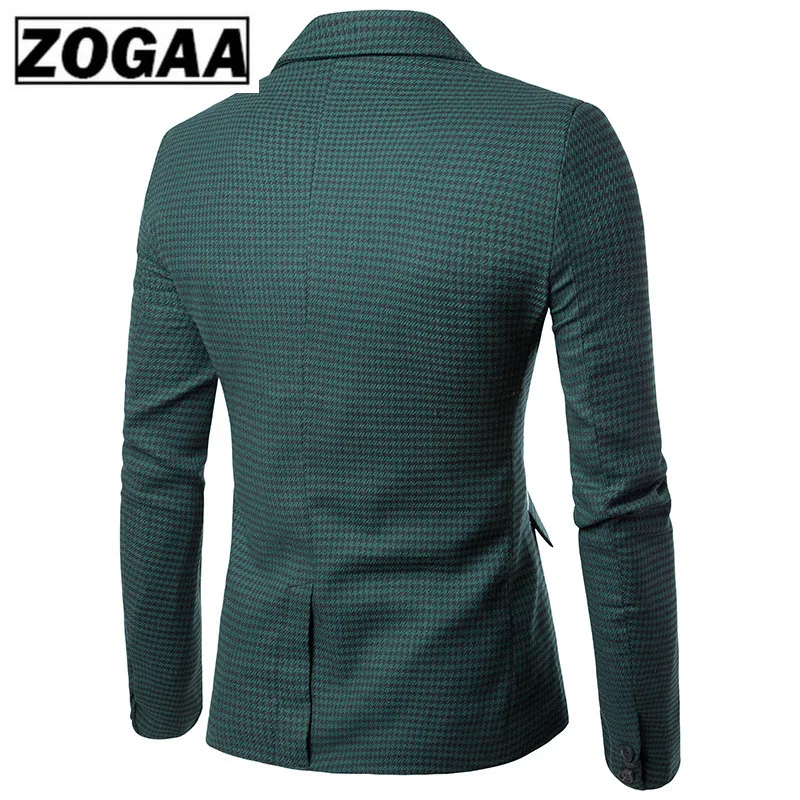 ZOGAA Plaid Blazer Men Spring Autumn Single Breasted Blazers Slim Fit Wedding Suit Blazer Men's Hombre Business Formal Blazers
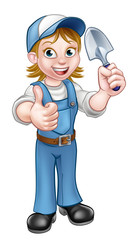 Cartoon Woman Gardener Mascot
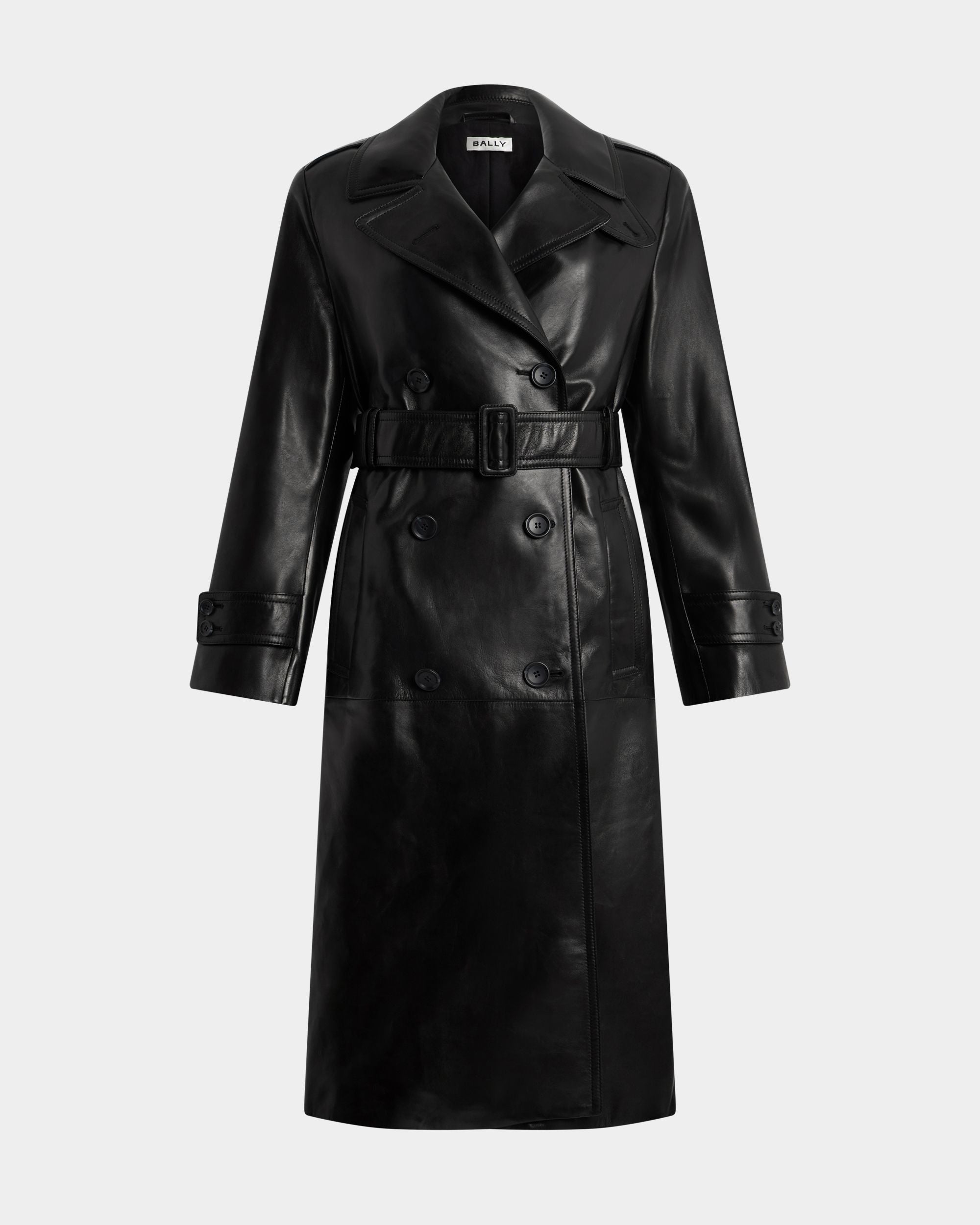 Bally Global - Trench Coat in Black Leather - Black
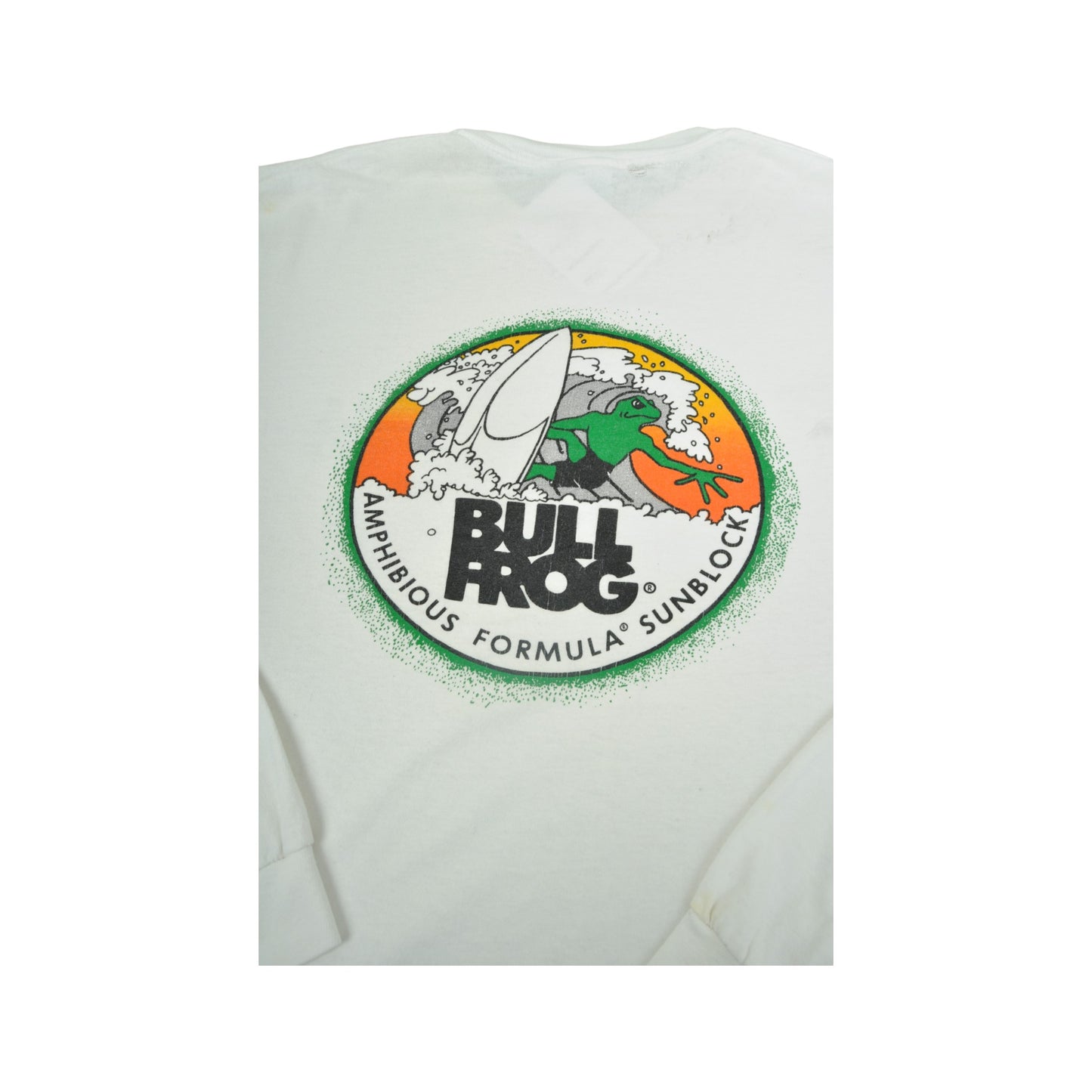 Vintage Bull Frog T-Shirt Long Sleeve White XL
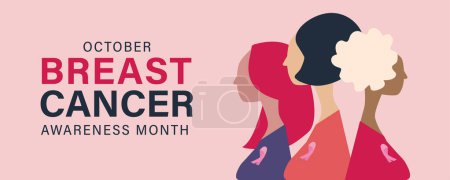 Ilustración de Mes de concienciación sobre el cáncer de mama para la campaña de prevención de enfermedades, y diversos grupos étnicos de mujeres con símbolo de cinta de apoyo rosa en el pecho - Imagen libre de derechos
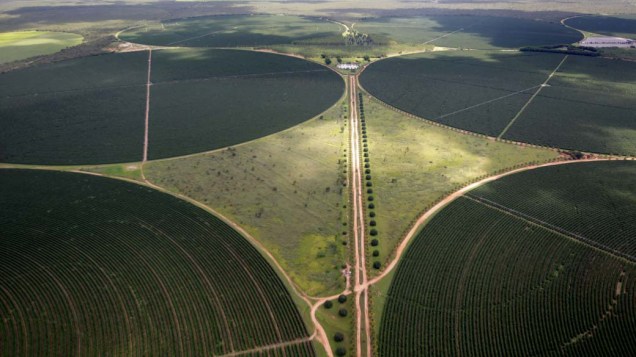 Vista aérea da região agrária da cidade de Luis Eduardo Magalhães, Bahia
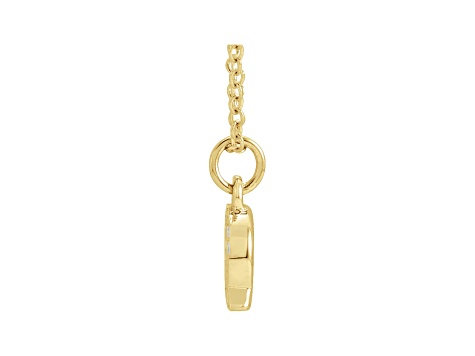 14K Yellow Gold Diamond Q Initial Pendant With Chain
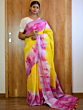Bhagalpur Pure Linen Cotton Saree | Shibori Pattern | Pink & Yellow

● ● ● ● ● ● ●

Give back exactly the lines from the line with "Cartoon Woman Gardener Mascot" through the final line of the entries above, and keep pictures out of the copy.

 Cartoon Woman Gardener Mascot
 Bally Global - Trench Coat in Black Leather - Black
 Vintage Bull Frog T-Shirt Long Sleeve White XL
 Ilustración de Mes de concienciación sobre el cáncer de mama para la campaña de prevención de enfermedades, y diversos grupos étnicos de mujeres con símbolo de cinta de apoyo rosa en el pecho - Imagen libre de derechos
 Vista aérea da região agrária da cidade de Luis Eduardo Magalhães, Bahia
 14K Yellow Gold Diamond Q Initial Pendant With Chain
Bhagalpur Pure Linen Cotton Saree | Shibori Pattern | Pink & Yellow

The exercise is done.